Similarly, a government agency in the U.S. introduced a programme linking salary increases to a pay-per-performance scheme whose assessment should have been provided by means of a formal appraisal system. Unfortunately, or rather maladroitly, the performance appraisal system had not yet been implemented before the launch of the total reward programme and managers were obliged to assess their staff performance as they could, unable to rely on an objective measurement tool. The imprudent use of this unstructured, makeshift assessment approach was perceived by employees as unfair and, once again, the scheme had to be abandoned.

In another case, a total reward programme had been introduced in a plant of a heavily unionized business having several factories in different geographical areas. The success consequent to the introduction of the total reward scheme in the pilot factory encouraged the business management to replicate the model in the other factories. The lack of consultation of the union representative in each of the other plants, however, led to a series of unexpected difficulties emerged because of the unions harsh opposition to the scheme introduction (Henemen, 2007).

The glaringly obvious deduction emerging from these examples is that in order to avoid failures, backlashes and massive waste of money and resources, it is of paramount importance paying extra care and attention during the designing and developmental phases of total reward programmes. The most likely risk being that problems emerging during the execution phase could possibly no longer be effectively addressed and properly managed.

The project management team
In order to confer the programme the importance and credibility it deserves, the first step should hence be represented by designating a project management team in charge of developing and manage the project’s phases.

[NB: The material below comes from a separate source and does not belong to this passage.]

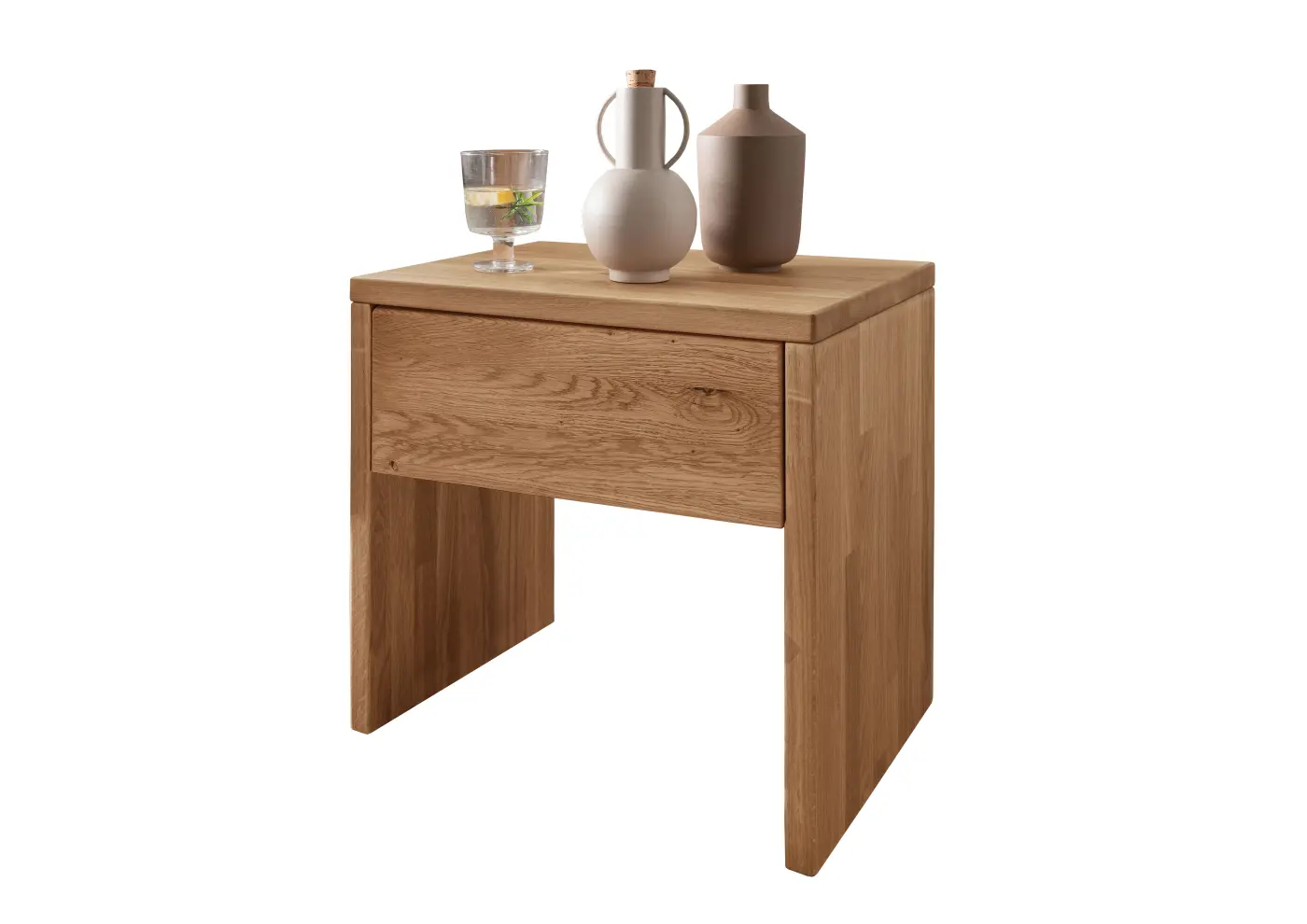 3S Frankenmöbel Nachtkommode Wileiche massiv geölt ca. 45x45x35 cm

Careful consideration should also be paid to the appointment of the Project Manager who necessarily needs to be a senior, respected manager, ideally a HR Manager with extensive experience in total reward (Henemen, 2007).

As maintained by Heneman (2007), equal careful consideration needs to be paid to the appointment of the rest of the project team. Business leaders should ensure that the necessary expertise and skills are considered and involved in the project development. Ideally: payroll, employment law, finance, tax and reward specialists as well should be all part of the team. In addition to these kinds of specific technical expertise, employers should also ensure that individuals skilled in practices and programmes development would be involved in the team.

Small organizations could also consider to entrust one or two internal managers with developing the project and have recourse to external consultancies or specialists for the technical advice they might need on specific fields they do not have any available expertise within their firms.
 
Data collection
This process can actually be carried out in different ways, but what matters the most is that, whatever the way identified to proceed, the method has to be considered as a structured and predefined flow where some precise and pre-identified steps cannot really be missed and necessarily need to be carried out. A clear route and direction, therefore, needs to be drawn since the very beginning.
In order to design and develop a consistent total reward system and ensure its successful introduction and implementation, it is crucially important and mandatory prerequisite to gather as much data as it is possible about and from the workforce in that, as we have seen, individuals are different and have different wants. It would, hence, be practically impossible for an employer being able to design and develop successful and consistent total reward systems without having previously gathered and analysed such data.
 

Data can be collected having recourse to a wide variety of means: face-to-face or by means of questionnaires. Amongst the former large group methods and focus groups clearly are the most used and effective as well.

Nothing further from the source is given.